Given where San Francisco is today, and where it was 40 years ago, one could argue that planning for the future made a difference, and a positive one at that. But it is humbling to think of the power of the other forces that were at work.

San Francisco is a major location for office buildings in which people process data. This is America's post-industrial economy, an economy in which, as former Planning Director Dean Macris so often said, "the office building is the factory of the future." That the city managed to snare its fair share of such buildings is reflected in the prosperity it now enjoys. That the city managed to retain a large middle class population is also to its credit. Other American cities were not so fortunate on
either front.

While it is true that strong reliance on the city planning process helped San Francisco preserve its quality of life, which is the primary criterion for where office workers wish to locate, that process did not encourage or discourage a specific rate of office development. Nationwide tax cuts encouraged that growth, and a national recession stopped and even reversed it. The unprecedented era of prosperity the region now enjoys can be attributed to the demographic impact of the War Baby Boom generation moving into its peak earning years, and spending money
accordingly.

At the regional level, as well as at the local level, it appears that the planning process has downsized and begun looking inward. Concern about such things as sprawl is re-emerging in the form of smart growth, but the solution is not ABAG's grand scheme for city-centered growth of the 1970s. Rather, it is a focus on planning new micro-communities that balance jobs and housing and create neighborhood streets reminiscent of small town Iowa.

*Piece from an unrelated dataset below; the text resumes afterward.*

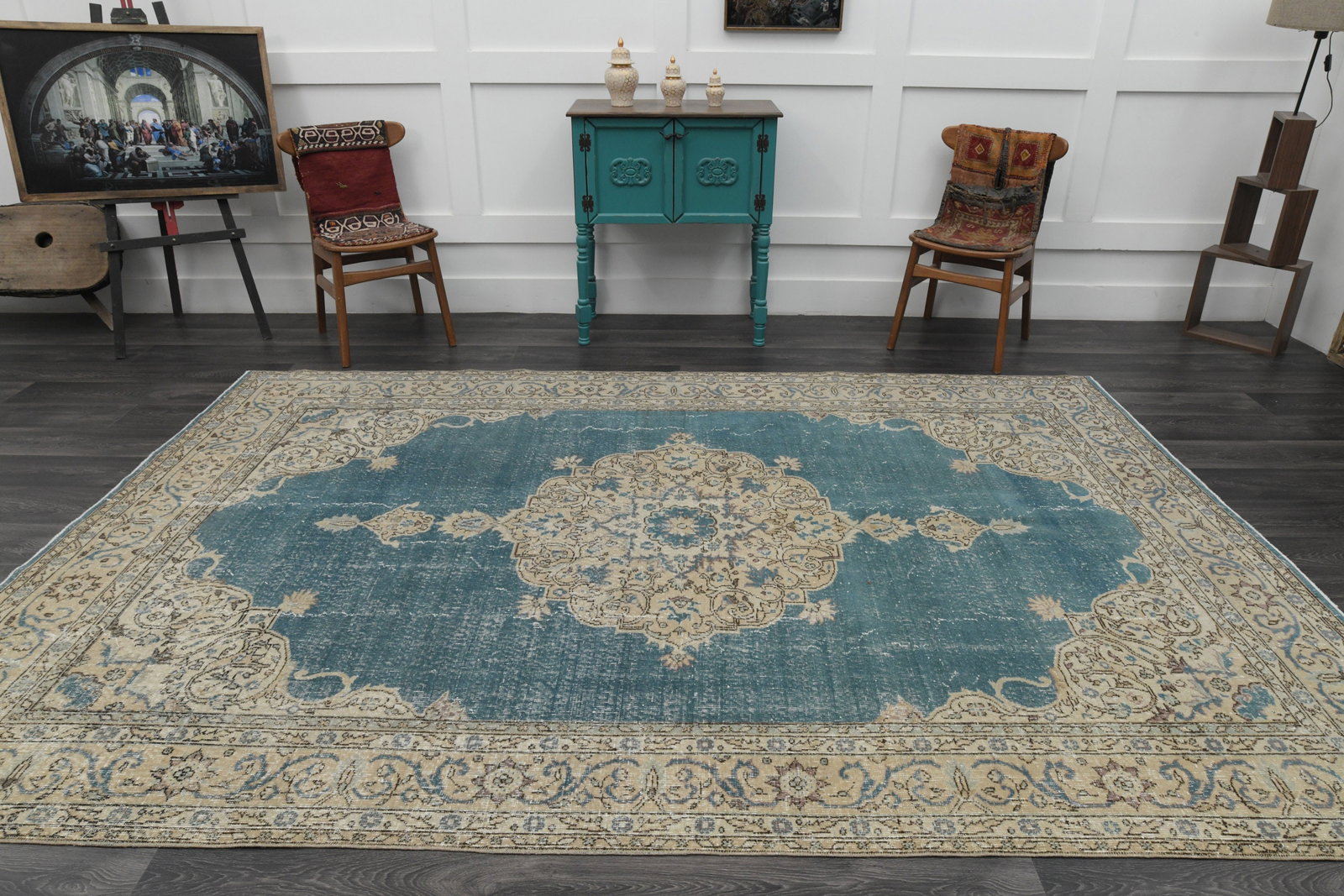 7x11 MEDALLION TURKISH RUG: Title: 7x11 MEDALLION TURKISH RUGOridign: Turkey Date/Period: 1960 - 1970 Materials: Wool and Cotton Size: Width: 7.2 feet Length: 10.7 feet Provenance: This Turkish one-of-a-kind Anatolian Vintage Ru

Despite these caveats, SPUR played a meaningful role in the debate over growth in San Francisco through the 1970s and the 1980s. SPUR's high-rise study had remarkable staying power, both because of the perceptiveness of its analysis and because of the accuracy of its forecasts. The organization was in the thick of the debate, winning some battles, losing others. The debate itself became increasingly sophisticated over time. And it was great fun!

Michael McGill is executive director of SPUR.